But I have been thinking about purpose and resolve, and the confidence needed to support that resolve, and how integrity fits in there, between the drive of the ego to survive, to thrive, to achieve, and the conscience which tells me that it is important not to hurt others in the process...
I recognize that my words, thoughts, deeds, and intentions create an environment that either supports or weakens my resolve. Whether it supports or weakens my resolve is dependent on my integrity, my ethics. I am not a religious person. I do not have a 'faith' which dictates my ethical integrity. I do not allow myself that luxury: faith does not confront the questions of existence and how we respond to it; faith simply provides consolation and assurances that following a certain spiritual and moral road map is the answer to those questions. Steven Batchelor, an agnostic buddhist monk, said it best: "While moral conditioning may be necessary for social stability, it is inadequate as a paradigm of integrity." There is not much that I invest 'belief' in because... in believing something, in taking it on faith in the absense of experientially substantiated fact, I close myself off to other things, one of which might actually be the truth. I refuse to believe in things that I cannot know. I neither affirm nor deny the existence of a god or gods, or an afterlife, or reincarnation, or a soul, or any of those Big Unknowables. Instead, self-honesty requires that I recognise what I do not know and I cannot know, and focusses me on what I can address: the human dilemma and the possible resolution of it.

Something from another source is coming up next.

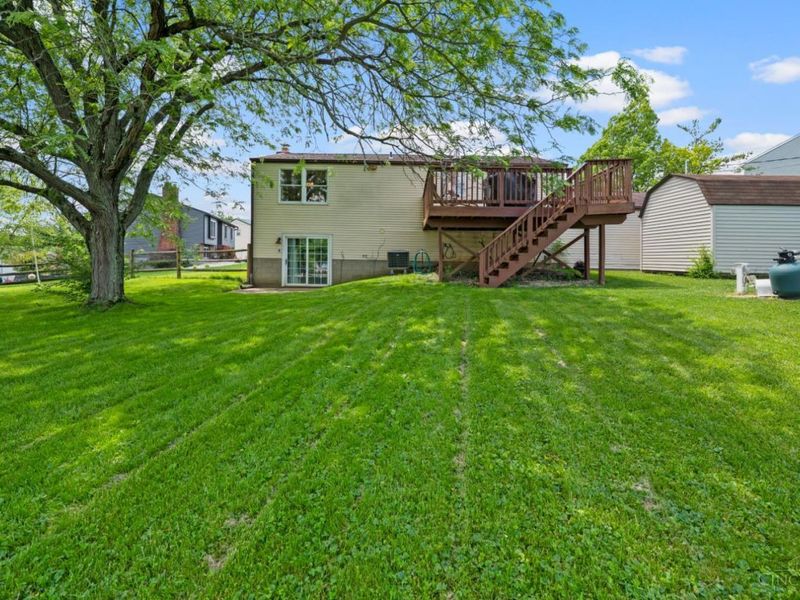 6470 Sauterne Drive, Liberty Township, OH 45011 Photo 40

And the human dilemma is this: at core, whether we choose to acknowledge it or not, humans are are isolated, anxious creatures in a hostile world. Most of us experience ourselves as beings pitted against the rest of the world--just one more desperate soul struggling to survive amongst countless others. It is this desperation which puts us in conflict with our own integrity, I think. Desperation often drives us do or say things which hurt others and thus ourselves. Whether we admit it or not, we humans are empathetic beings in a participatory / shared reality, and we cannot hurt, abuse, or lie to others without diminishing our own Integrity, that law within. Thus the sense of conflict between survival and integrity. Thus the human dilemma.
And the possible resolution? Remembering that we have 'reality' in common. Remembering that we are more than just competitors for the 'better' things in life. Remembering that everything is transient: that we are all born, that we will all die, and that we will all suffer in between those two inescapable events. Realizing that as long as wear fear suffering, we perpetuate it. I think that most people don't realize that when we act with integrity, when we operate from a place of compassion and empathy for ourselves and each other, when we stop clinging to our fears of the undeniable transience of life, we create a world with less suffering. Or atleast, we are less likely to contribute to the fear and suffering. Ultimately, my integrity, and the integrity of my thoughts, words, intentions, and deeds, are based upon my sense of what I have in common with others, rather than what separates or distinguishes me from them. The Internet, more than anything, has taught me that much. The most soul-searching meditation on ethics leaves the world intact; but a single word or deed can transform it, forever.



1 Comments:
Good post. I always like talks on big topics like religion and ethics.
The human delimma. Hmm. I don't quite understnd the conflict. I see being a moral person as aiding my quest for "things" in life. While I could lie, cheat, and steal I believe in the long-run I'd end up with less if I did that.
Maybe I'm wrong. I'm a smart guy and I might get away with occassional bad acts. My main reasoning for being moral has never been because it would help my life directly. I think the hypocritical nature of lying to people and stealing is a great reason not to lie, cheat, or steal, but beyond that I believe that bad acts just harm you.
In lying you create a false reality. You create a chance for people to appreciate you (or not) based on something that won't last. You create an opportunity for your knowledge of the world (and other people's knowledge that they share with you) to be based on a false reality. You create chances for false assumptions and conclusions. You make your ideas, relationships, and entire world built on false grounds. At any moment things could fall apart and they usually do.
And I don't think you get away with it anyway. I have friends that never tell me I look fat or got a bad haircut, etc. Those little white lies make it pretty obvious that those people aren't honest with me and I avoid them when I want the truth. I seek out more honest people and the potential closer friendship opportunity is lost on them for their lies. These tiny things happen all day long and the people that focus so much on the "now" miss out on the long-term.